A dense, heady tale of love, betrayal and depravity, Park Chan-wook’s latest film is as rich and layered as a thick slab of cake after an already large meal; impossible to resist yet a daunting prospect to get through in one sitting.  In its extended director’s cut it’s nigh three hours of Gothic melodrama, unreliable narration and dizzying twists viewed through an opiate haze of plush period eroticism.

Based on the novel Fingersmith, Sarah Waters’ subversive feminist take on Oliver Twist, The Handmaiden keeps the turbulent triptych story outline but relocates the action to Japanese-occupied Korea in the 1930’s.  A conman ‘count’ Fujiwara (Ha Jung-woo) enlists the collusion of pickpocket Sook-hee (Kim Tae-ri) in an elaborate scheme to defraud Japanese heiress Hideko (Kim Min-hee).  Sook-hee becomes Hideko’s handmaiden in order to soften her feelings to Fujiwara, so he can marry her and then have her committed to an asylum.  With the story told three times from differing perspectives the intricacies are gradually revealed, particularly the unforeseen consequence of Hideko and Sook-hee beginning to fall in love with each other.

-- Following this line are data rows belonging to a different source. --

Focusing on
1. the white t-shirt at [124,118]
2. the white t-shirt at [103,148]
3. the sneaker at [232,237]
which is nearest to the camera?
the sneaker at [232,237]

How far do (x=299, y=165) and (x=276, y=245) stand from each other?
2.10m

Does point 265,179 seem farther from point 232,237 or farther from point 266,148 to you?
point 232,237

Park has played with multiple perspective before, in the exemplary thriller Joint Security Area (2000), yet it’s utilised here to much more opulent and strange effect.  Each line, glance and facial expression is heightened to operatic levels; each possibly a further obfuscation or misdirection.  It’s a film of liquid madness.  A film of water, ink, peach juice, paint, blood, and other bodily fluids working in thematic union.  Yet, for all that it’s one of the most bonkers works you’ll ever see from a respected filmmaker, it’s intricately constructed, and almost restrained when it needs to be; like the studied reveal of an expert striptease.

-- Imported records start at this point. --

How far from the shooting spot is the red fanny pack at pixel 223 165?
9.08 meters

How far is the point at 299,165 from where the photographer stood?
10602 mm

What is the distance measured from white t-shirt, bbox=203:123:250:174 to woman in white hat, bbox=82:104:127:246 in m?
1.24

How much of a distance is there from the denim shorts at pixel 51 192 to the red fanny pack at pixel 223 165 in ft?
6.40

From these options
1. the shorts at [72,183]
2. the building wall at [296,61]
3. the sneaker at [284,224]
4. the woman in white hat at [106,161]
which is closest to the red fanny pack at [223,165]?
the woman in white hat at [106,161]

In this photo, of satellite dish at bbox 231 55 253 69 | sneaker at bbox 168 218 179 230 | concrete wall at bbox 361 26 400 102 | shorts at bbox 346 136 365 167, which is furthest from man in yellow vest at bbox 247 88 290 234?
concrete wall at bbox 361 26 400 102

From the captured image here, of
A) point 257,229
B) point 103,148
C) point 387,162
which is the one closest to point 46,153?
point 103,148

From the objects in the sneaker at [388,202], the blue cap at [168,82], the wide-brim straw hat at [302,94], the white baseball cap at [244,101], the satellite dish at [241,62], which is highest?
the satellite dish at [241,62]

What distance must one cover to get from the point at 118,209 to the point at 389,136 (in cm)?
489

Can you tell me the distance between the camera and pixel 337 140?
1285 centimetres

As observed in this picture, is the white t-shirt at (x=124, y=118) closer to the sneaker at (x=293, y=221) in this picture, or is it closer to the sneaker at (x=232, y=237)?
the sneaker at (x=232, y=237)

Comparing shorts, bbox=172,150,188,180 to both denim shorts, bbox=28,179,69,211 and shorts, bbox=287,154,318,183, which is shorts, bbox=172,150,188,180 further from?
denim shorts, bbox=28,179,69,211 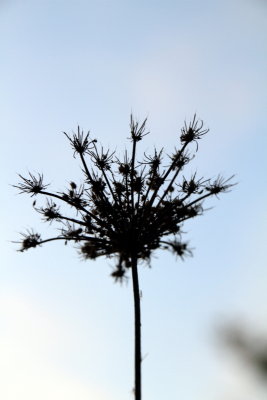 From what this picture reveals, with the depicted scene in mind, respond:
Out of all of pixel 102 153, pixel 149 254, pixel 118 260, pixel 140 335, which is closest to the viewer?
pixel 118 260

Much of the attention will undoubtedly be on its bluntly explicit lesbian sequences, played with utter commitment from its two female leads.  As with Blue is the Warmest Color, there is the possible accusation that the male gaze of the director distorts the relationship and make it voyeuristic.  That’s hard to argue with, but next to gleefully perverse scenes of Hideko’s kinky uncle whipping his male guests into sweaty, fan-waving, leg-crossed, impotent arousal with recitals of Sadean depravity; the genuine love that grows between Hideko and Sook-hee feels natural, playful and celebratory.

The Handmaiden perhaps doesn’t quite justify the great length, although every single shot is a another mouthful of a hedonistic feast that will leave you stuffed, gluttonous and woozy from the sheer richness of it all.  Park, for all his tendency to the extreme in some of his work – and The Handmaiden is merely a different expression of that tendency – rarely forgets to entertain, and he certainly hasn’t here.  A film to gorge upon.